There was a very pertinent comment on the EU Referendum blog by someone who uses the moniker JDD and is actually an advisor to government. He makes a point which I think is very true. Many ministers and MPs were born after we joined the EU or were too young to know what things were like for trade prior to 1973. It is akin to being unaware of gravity before deciding to jump off a cliff and perhaps this is why Brexiteers seem to have no fear of the cliff edge.

JDD says:

"The problem we have is that our politicians have never known the 'real' world ie outside the EU. Things work smoothly because of the EU processes that have taken decades to put in place, we have nobody now who can educate from experience how it was before, by that I mean in Government not the Civil Service or blogsphere

"The problems that we advisors keep raising have or may have overwhelmed the positions that these politicians have held for life, they will therefore retreat, in most cases already have done, into what they know rather than engage it is a natural human reaction.

"I don't know the solution to this, education doesn't seem to have worked, peer group meetings haven't worked

"There is complacency at the heart that things will just carry on because that is what politicians are used to, they have never had to discuss WTO rules, compliance, Customs Agreements or basically anything to do with trade and trade facilitation except in Committees which by their nature attract the people who have an interest anyway, but again they have never had experience outside of the EU and how trade works without agreements".
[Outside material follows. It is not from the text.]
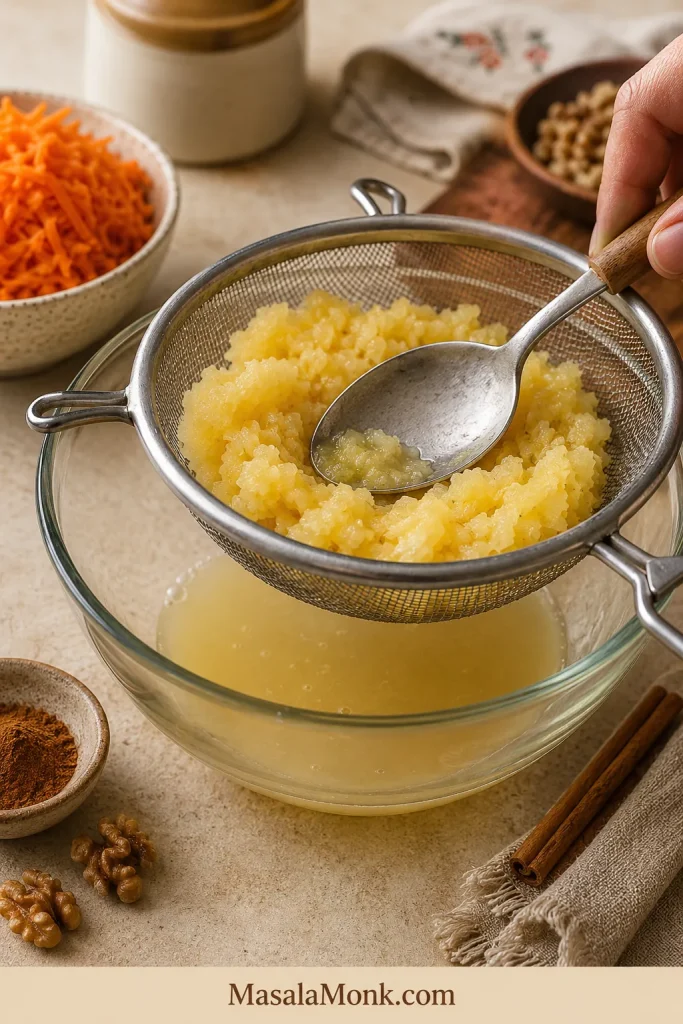 Crushed pineapple draining in a small sieve over a bowl with juice collecting below.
JDD is concerned with international trade and Brexit will undoubtedly disrupt our trade and therefore our economy. It will filter through to almost everything we do.

This may not matter if (a) we had plenty of time to read up on things and so begin to understand them (b) we had time to debate among ourselves and reach a consensus about the way to deal with the changes (c) we then had time to prepare the population for the coming changes and (d) we were then given the time to plan for and build the infrastructure needed.

But this lack of understanding and failure even to recognise we have a big problem is running against the clock. As Andrew Rawnsley writes in The Observer (HERE), Mrs May's attempt to "muddle through" Brexit is fast coming to an end and the next few weeks are crucial.

The old adage about the first step in solving a problem is to recognise you've got one. At the moment I am not sure Mrs May even realises we do have problems.